The smartphone-based EncephalApp was tested in 167 patients with cirrhosis and 114 healthy age-matched controls, and showed significant correlation with individual paper/pen test and with crashes and illegal turns in driving simulation tests, as well as high test/retest reliability at 1 and 3 months.
The study also found that patients with prior overt hepatic encephalopathy had significantly worse response times with the EncephalApp compared to controls (Clin Gastroenterol Hepatol. 2015;13:1828-35).
“Although these [gold standard paper-pencil] measures are used to diagnose CHE [covert hepatic encephalopathy] in research studies, they have not found traction in clinical practice because of their copyrighted nature, need for psychological expertise, and time requirements,” wrote Dr. Jasmohan S. Bajaj of Virginia Commonwealth University and McGuire VA Hospital, both in Richmond, Va.
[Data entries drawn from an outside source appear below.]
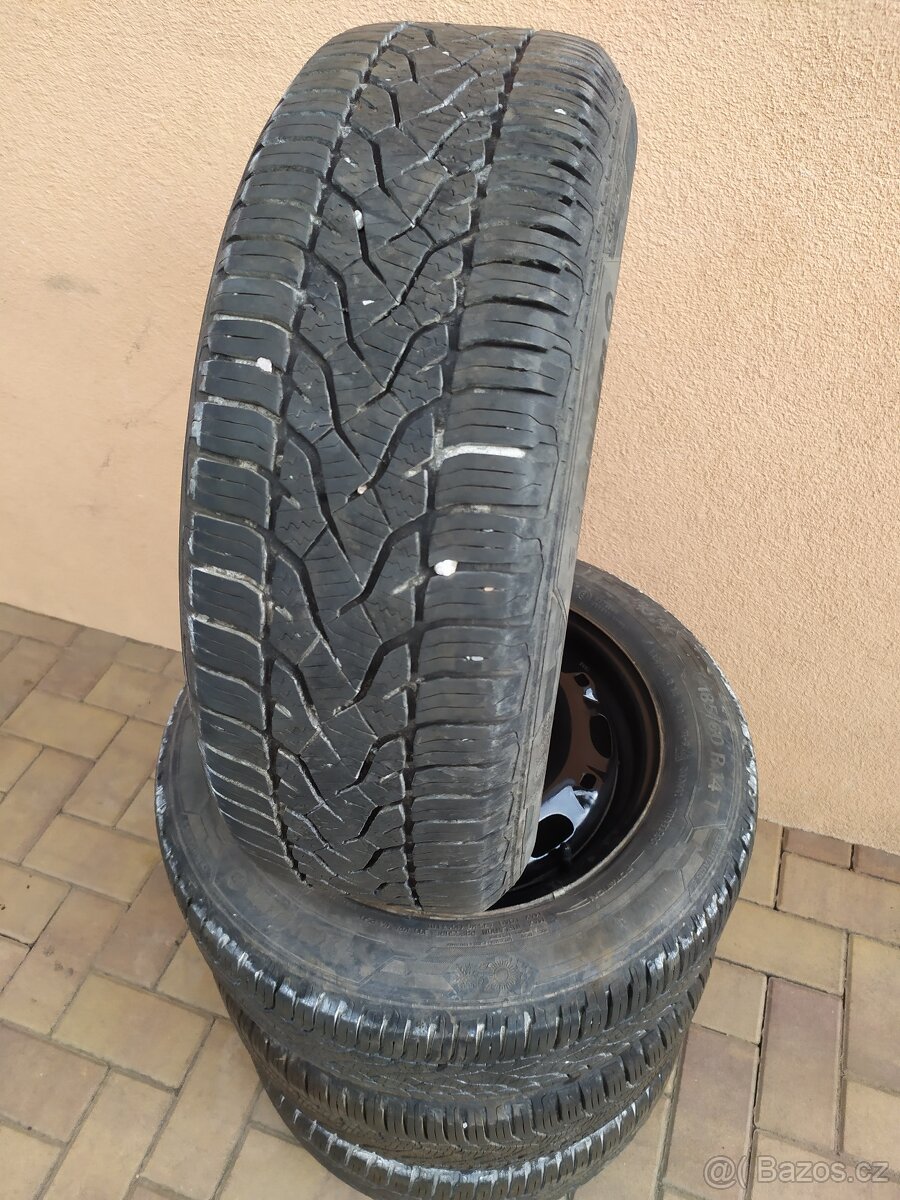 Celoroční pneu 185/60 R14, na discích 5x100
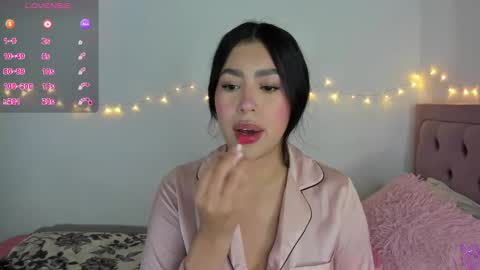 Snapshot of selene_e chatting on 02.05.26 Karol. online show from 02.05.26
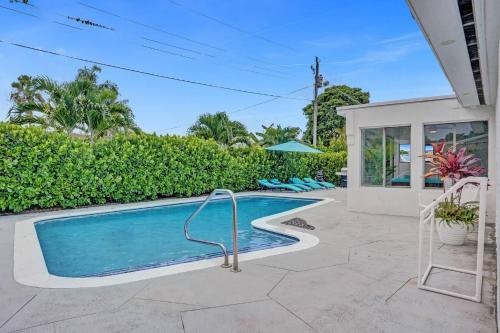 Pembroke Pines House | Coastal Breeze Retreat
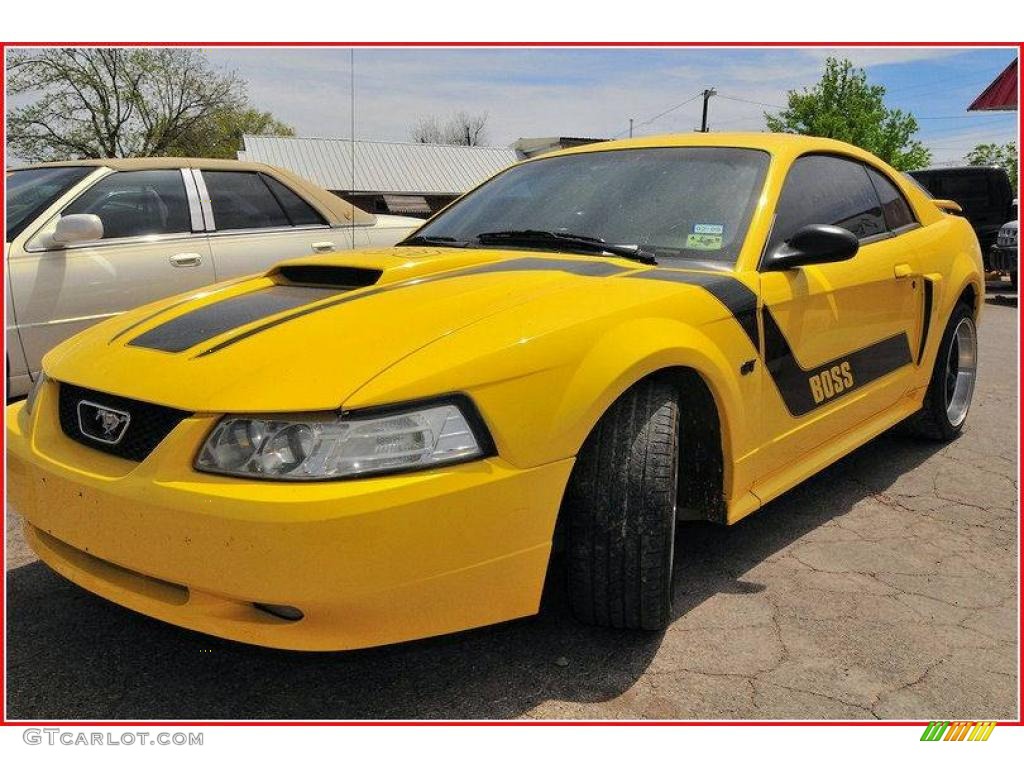 2001 Mustang GT Coupe - Zinc Yellow Metallic / Dark Charcoal photo #1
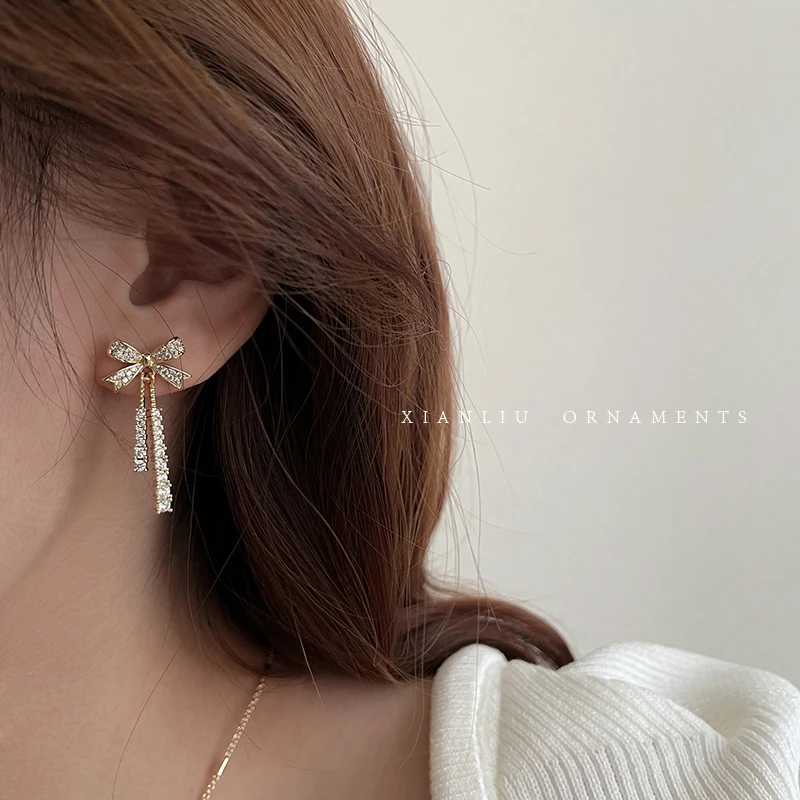 

Fashion Golden Bow Stud Earrings Of Women Korean Elegant Fine Statement Studs Butterfly Zirconia Jewelry Gifts Free Shipping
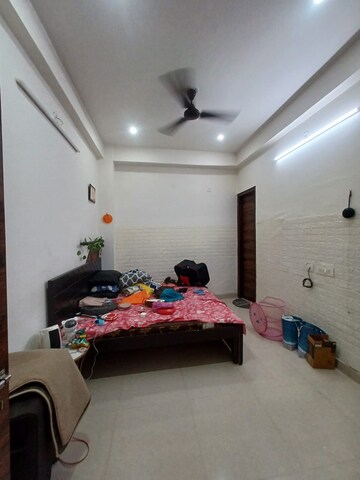 Room in 3 BHK Independent House at Ansal Plaza Sector-23, Sector 23 – for Rent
“Our results are in sync with the prior experience with the old Stroop App in that in similar prior HE [hepatic encephalopathy] studies, we found that the psychomotor function, i.e., the time required to complete tasks, was much more predictive than the errors committed (number of runs required) and the cognitive flexibility measures (OnTime-OffTime) in differentiating groups,” wrote Dr. Bajaj and colleagues.
The National Institute of Diabetes and Digestive and Kidney Diseases, the National Center for Advancing Translational Research and the McGuire Research Institute funded the study. There were no other conflicts of interest declared.